++++ Source material ++++

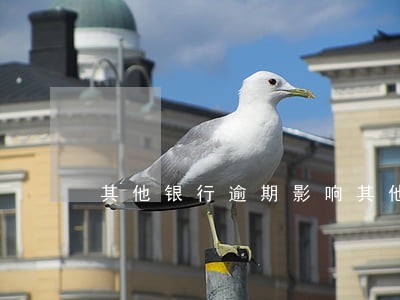 其他银行逾期影响其他银行提额吗 其他银行逾期影响其他银行提额吗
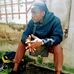 Bill Herbert - Facebook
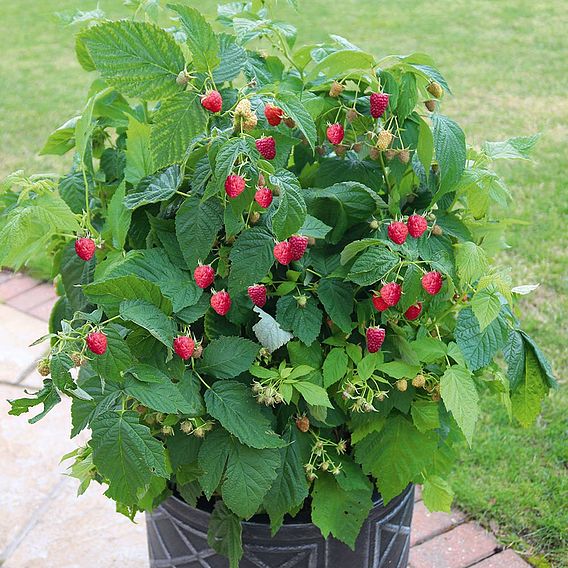 Raspberry 'Summer Lovers Patio Red' (Patio fruit)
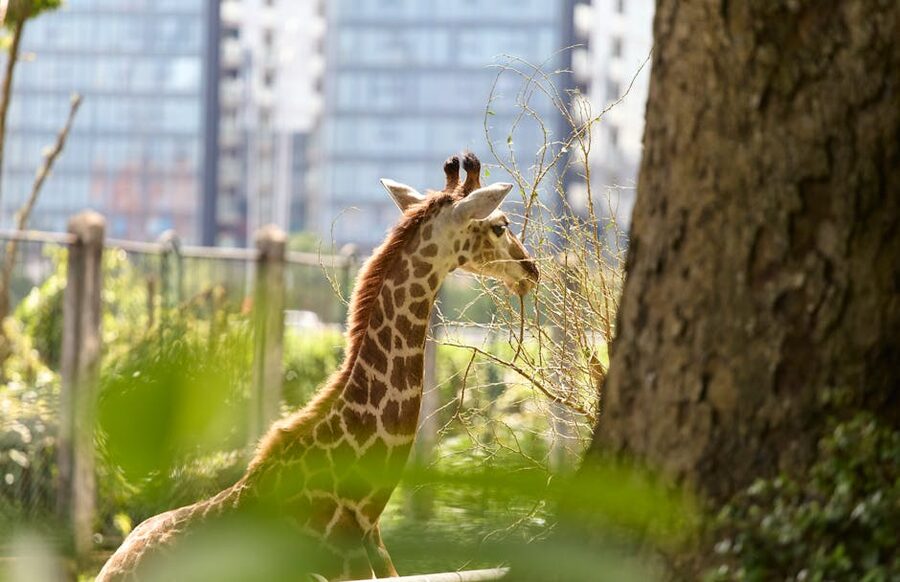 Giraffe in urban zoo with city background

++++

#### Activity
Would you please repeat all the data word for word, but without the pictures?

#### Solution
 其他银行逾期影响其他银行提额吗 其他银行逾期影响其他银行提额吗
 Bill Herbert - Facebook
 Raspberry 'Summer Lovers Patio Red' (Patio fruit)
 Giraffe in urban zoo with city background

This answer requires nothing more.